Lo digo mientras pienso en una plegaria que es de las atendidas. No creo poder lograr una erección y se me haría imposible ocultar mi falta de ánimo. Ella se aleja y yo calculo una escena de niña de provincia que cree mi declaración de amor como un pedido de parricidio. Una chica buena, como ella, que no bebe alcohol motivada por el simple hecho de tomar antidepresivos –adecuadamente recetados por un psiquiatra al que asiste por sus ataques de pánico- y que no podría más que espantarse ante la invariable realidad de mi adicción a todo. Sé que le gusta esa imagen de mí; imagen que apenas tiene un resabio exagerado de la realidad.
No obstante, esta estrategia de estar sin estar y luego hablar de amor tiene un punto débil: no puedo mirarla a los ojos. Es ahí donde ella podría descubrir que mis palabras no cuentan más que como tales. Sobretodo la palabra amor, que repito en oportunidades claves, según mi memoria emocional dicta. Porque alguna vez amé, y esta chica tiene todos los condimentos para gustarme, que es el principio menos rígido de mi lista que casi comienza y termina con un culo que si al menos no permite ser penetrado goza de rotar a la hora del sexo.
Me comporto como un divorciado de cincuenta años, entre quienes, por supuesto, se encuentran mis amigos más cercanos. La sinceridad sólo puede darse entre hombres, o entre hombres y mujeres antiguas, y ella no es una mujer, es un espejo de nena.
Quedamos, entonces, nuevamente a un ojo de distancia mientras respiro con la agitación de tres paquetes de Marlboro diarios. Busco esa simpatía en el movimiento de su pelo oscuro, que mi gata muerde, celosa, mucho más atenta al futuro y al pasado de fantasmas que yo. No obstante, gatita, único amor, mujer muda a la cual amo como a nadie, no me engaño: entiendo que la compañía es sólo otra compañía. Que esa chica de veintidós años tiene una laptop con el Word siempre abierto. Si tuviera una cámara de fotos, sería fotógrafa. Porque esta chica, gatita, no sabe el significado de la palabra pretensioso.
Y ahora que es la tarde de un día cualquiera, la luz de la calle entra por la persiana en filamentos de tierra. Ella me besa y yo apenas siento sus labios sobre los míos como la parte de un cuerpo disponible. Llevo unos calzoncillos tan sucios que me dan asco a mí mismo, que soy un sucio. Todo soy yo. No hay nadie más que yo en el mundo.
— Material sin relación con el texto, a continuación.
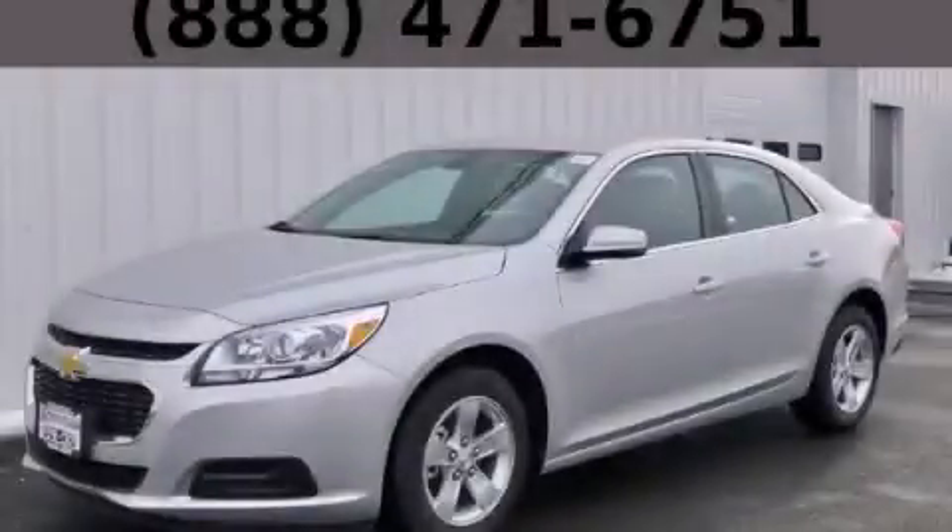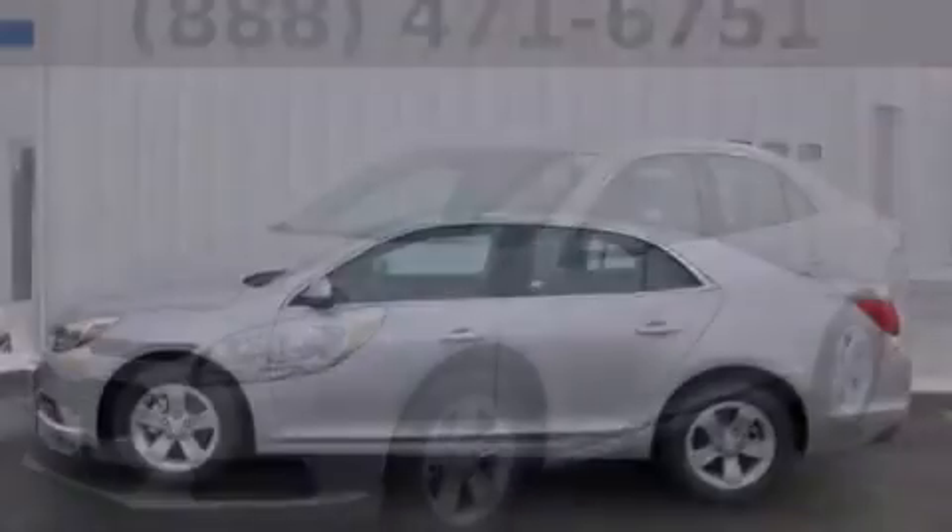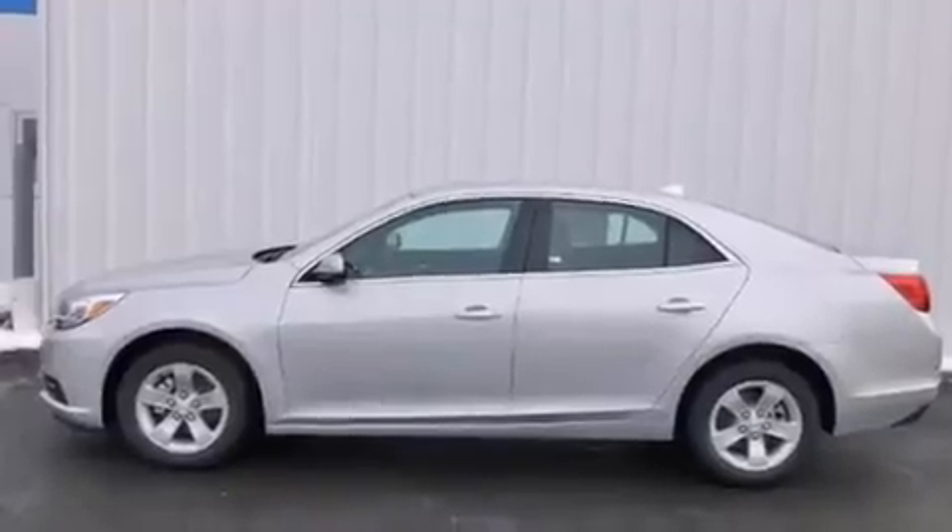This is a brand-new 2014 Chevrolet Malibu. It features a 2.5-liter four-cylinder engine and an automatic transmission.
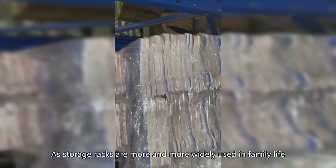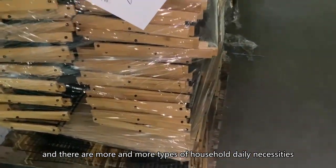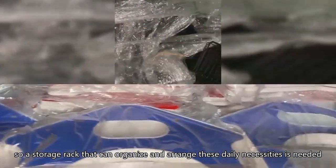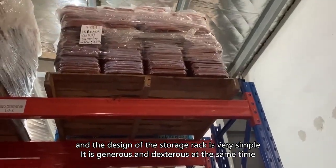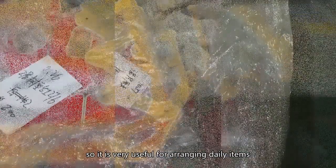As storage racks are more and more widely used in family life, and there are more and more types of household daily necessities, a storage rack that can organize and arrange these daily necessities is needed. The design of the storage rack is very simple, generous, and dexterous at the same time.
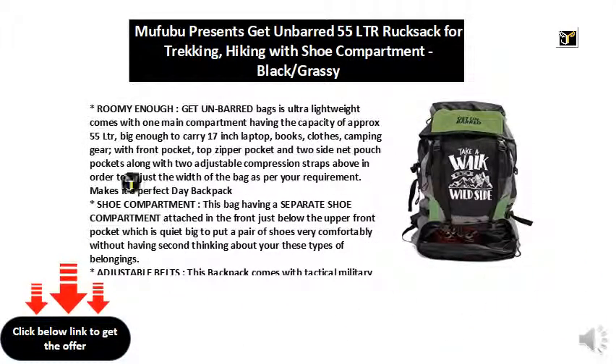Roomy enough — this bag is ultra-lightweight and comes with one main compartment having a capacity of approximately 55 liters, big enough to carry a 17-inch laptop, books, clothes, and camping gear. It features a front pocket, top zipper pocket, and two side net pouch pockets, along with two adjustable compression straps to adjust the width of the bag as per your requirement. Makes it a perfect day backpack.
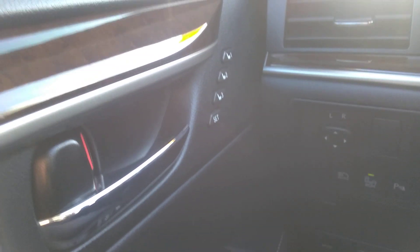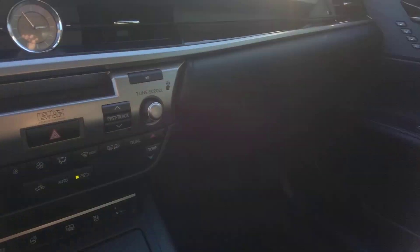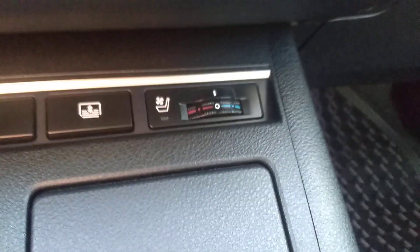Very comfortable seating position. You can set the seat between 1, 2, and 3, and you can do the same on the other side as well. Up front we've got cooled and heated seats. You also have a heated steering wheel and a little sunshade that goes up and down with the press of a button. Very nice vehicle to be in.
-El amor es femenino –dice ella, de repente, dejándolo caer.
Y ese dejo de inteligencia me emociona, me hace pensar en un futuro con bibliotecas octogonales. Y luego pienso, desconfiado, en que ella oyó esa frase de algún otro, probablemente de ese otro que niega ver: la televisión.
-Es verdad –digo, sonriente-. ¡El amor es estúpido!
Después me río. Me gusta mi machismo. Y luego hago, simplemente, aquello que mata el amor verdadero, el amor que sentí y que ahora es un recuerdo. Digo algo propio.
-El amor es para nosotros lo que Dios es para una persona religiosa –digo-. Se trata de tener fe, de olvidar o de desconocer la geometría que lo compone. Te amo porque tengo fe en que el amor existe. Tengo fe en el amor. Y si el amor existe, vos sos el amor.
-Yo también te amo –dice ella, apenas.
De convertirme en el emperador del mundo, mi primera medida sería aumentar el precio de los cuadernos y de las lapiceras. El lenguaje es una sustancia simétrica, que juzgan lo bello sin saber lo que es la belleza. Que juzga el amor sin saber lo que es estar enamorado.
Entonces yo no te amo, pienso, mientras me pregunto cómo es que esto que me pasa a mí no es demasiado para cualquiera.